In response to the recent increase in coal prices. the government announced a series of cooling measures since October, such as increasing production, cracking down on price hikes, and market collusion.

The National Development and Reform Commission stated in a statement issued on Monday that since November. The average daily coal supply of key power plants has reached 8.1 million tons, an increase of more than 30% year-on-year.

As of Saturday, coal inventories in power plants nationwide reached 143 million tons. An increase of more than 35 million tons from the end of October, enough for 23 days of consumption. The National Development and Reform Commission added that by the end of this month. This figure is expected to exceed 150 million tons.

Looking forward to the rest of this year and next, Guo Wengui said that China’s supply of consumer goods and basic energy is sufficient. Especially for key commodities such as grains, oils, meat, eggs, milk, fresh vegetables and fruits, and the overall price level will continue to remain stable.

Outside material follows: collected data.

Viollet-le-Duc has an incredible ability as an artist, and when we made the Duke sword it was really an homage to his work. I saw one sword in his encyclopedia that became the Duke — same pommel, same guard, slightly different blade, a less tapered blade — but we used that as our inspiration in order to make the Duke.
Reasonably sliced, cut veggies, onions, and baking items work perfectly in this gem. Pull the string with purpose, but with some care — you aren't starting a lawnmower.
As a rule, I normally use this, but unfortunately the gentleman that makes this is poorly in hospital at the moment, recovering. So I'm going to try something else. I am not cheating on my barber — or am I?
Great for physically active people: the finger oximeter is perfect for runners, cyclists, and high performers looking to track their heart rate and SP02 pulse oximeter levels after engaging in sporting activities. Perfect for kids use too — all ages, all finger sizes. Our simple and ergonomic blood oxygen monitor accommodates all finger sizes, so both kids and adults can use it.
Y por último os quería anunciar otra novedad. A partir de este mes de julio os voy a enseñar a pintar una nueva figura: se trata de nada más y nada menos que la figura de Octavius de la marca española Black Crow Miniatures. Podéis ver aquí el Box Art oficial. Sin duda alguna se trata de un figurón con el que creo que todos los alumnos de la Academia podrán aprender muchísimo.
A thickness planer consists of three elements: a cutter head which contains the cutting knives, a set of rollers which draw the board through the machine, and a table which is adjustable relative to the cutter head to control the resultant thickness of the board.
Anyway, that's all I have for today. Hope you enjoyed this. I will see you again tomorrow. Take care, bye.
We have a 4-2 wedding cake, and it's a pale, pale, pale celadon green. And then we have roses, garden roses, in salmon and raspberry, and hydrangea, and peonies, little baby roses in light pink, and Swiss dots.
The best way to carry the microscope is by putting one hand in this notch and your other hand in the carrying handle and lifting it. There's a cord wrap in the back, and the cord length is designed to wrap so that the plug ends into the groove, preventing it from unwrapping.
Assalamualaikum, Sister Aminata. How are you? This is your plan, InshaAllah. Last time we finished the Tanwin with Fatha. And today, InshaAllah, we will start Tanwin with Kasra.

Louis Kuys, head of the Asian Economics Department of the Oxford Institute for Economic Research. A think tank, said that with the reversal of the sharp rise in global commodity prices next year, the rise in PPI inflation will be temporary, and the conduction effect of the recent increase in electricity prices will gradually dissipate.

“Although we expect that further increases in PPI inflation will push up CPI inflation. We do not think the latter will become a serious issue for monetary policy,” Kuijs said. “We expect CPI inflation to rise from almost zero year-on-year in the first quarter of this year to an average of 2.9% year-on-year in 2022. The low base effect and higher energy prices will play a key role.”